Two of the generators that failed were 10MW units that were about 20 years old. One of those generators had an electrical failure and is still inactive while CUC waits on a part that will arrive in six to eight weeks.

The other 10MW generator is running, but at only at about 70 per cent capacity. That generator had a mechanical failure of a vibration damper, however the replacement part CUC had in stock was not the right size. Thus the generator has been de-rated until the new part arrives, which could be as late as September.

The third generator that failed was the new 8.4MW gas generator that was delivered after Hurricane Ivan. That generator was primarily used as a back-up, and Mr. Hew said the manufacturer has not figured out why it failed.

However, the generator was still under warranty, so the module that failed has been shipped back to the manufacturer in Germany for replacement.

‘We’re hoping to have it back here by the end of the month,’ he said.

The breakdown of the two 10 MW generators had a silver lining, Mr. Hew said.

‘We took the opportunity, while they were down, to go through them thoroughly,’ he said. ‘They’re actually in very good condition. They’re good for many, many more years.’

Having two generators down and another one temporarily de-rated has forced CUC to run its other generators longer than scheduled.

‘After what happened in December, we’ve been running the units that are available,’ said Mr. Hew. ‘We can’t afford to take them off line to do scheduled maintenance.’

The four 5.6 MW temporary generators that arrived this week will allow CUC to start getting back on track for its maintenance schedule. Bringing in the temporary generators from overseas was not something CUC wanted to do – it just returned the last four it had leased in response to Hurricane Ivan damage last November – but it was something it realised it needed to do.

‘Our objective is to be ready for the summer,’ Mr. Hew said.

There is more help on the way for the long term as well. CUC has a new 16MW generator due here in April, for commissioning in July. Once that generator goes on line and the other three are repaired, CUC will have enough generating capacity to meet estimated demand through 2010, Mr. Hew said.

But the generators haven’t been the only reason CUC customers have experienced some power outages. There have been some transmission and distribution problems due to equipment failures and mechanical failures.

‘Most of [the problems] are remnants of the hurricane,’ Mr. Hew said. ‘Some of it is salt corrosion. Some of it is physical damage, like cracked insulators.’

Even though CUC does annual visual inspections of all of its lines, there are some of the problems cannot be easily seen visibly, Mr. Hew said.

The company is now using infrared thermography devised to detect its T & D equipment. It has also increased the frequency of its inspections significantly especially in problem areas like Savannah and the south coast.

‘The challenge is we have more than 300 miles of lines, 14,000 poles, 4,000 transformers and thousands of insulators, many exposed to 150 mph winds and wind-driven salt,’ Mr. Hew said.

However, CUC is committed to addressing the problem. Even though it had a system availability rating of 99.92 per cent last year, it knows its customers want that figure even higher.

‘Based on surveys done in the industry, it’s accepted that customers want, first and foremost, reliability.’

Mr.
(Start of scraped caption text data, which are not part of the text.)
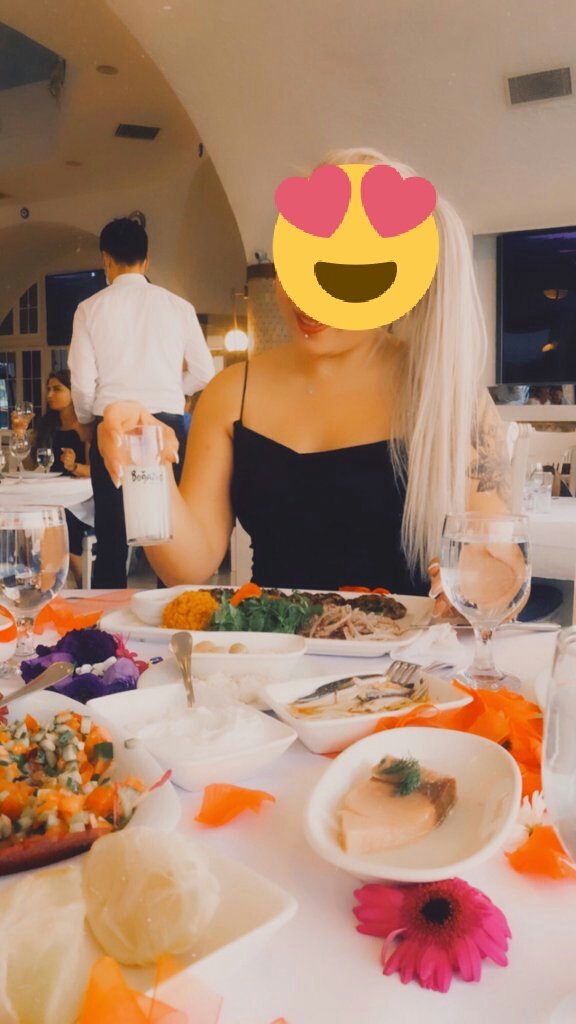 TUESOLMAZ19's tweet photo. Yelken açan aşklara kaldırıyorum aşklara musaitim https://t.co/WBeAmYtMQR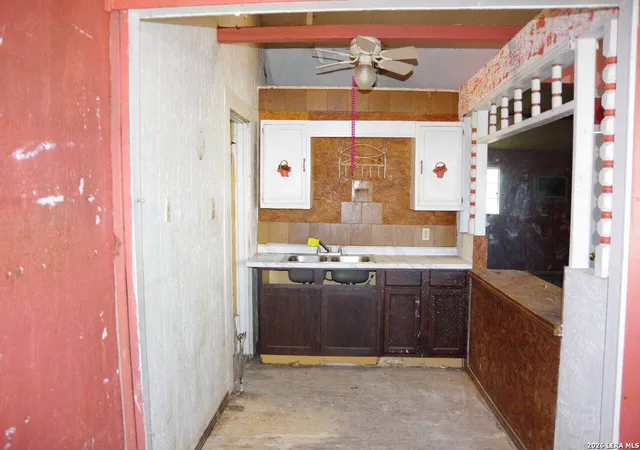 Photo 4 of Sale Pending at 1211 Rivas, San Antonio, TX 78207 | MLS# 1941622 | Listing updated on 2026-08-03
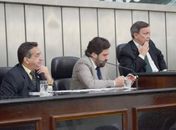 Sob protestos, ALE aprova projeto que reestrutura 120 cargos comissionados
Hew said customers also want stable prices and low average prices.

‘We have more control over reliability than prices because of the fuel costs,’ he said.
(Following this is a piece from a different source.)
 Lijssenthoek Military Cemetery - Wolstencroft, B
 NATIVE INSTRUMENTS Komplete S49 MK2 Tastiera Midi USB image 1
Going into the future, Mr. Hew is confident that CUC’s reliability will get better.

‘As we go on in time, I think these random [power] failures will decrease,’ he said.

Starting this month, CUC will commence a capital project that will help its reliability significantly in the long run. That project will link CUC’s Frank Sound substation with the temporary substation in Rum Point, which in turn links back to the CUC plant via the submarine cable through the North Sound.

Once that project is completed in a year to 18 months, an electrical power loop will exist on Grand Cayman so that if a failure were to occur due to line problem in South Sound, for example, all of the Eastern Districts will no longer be affected.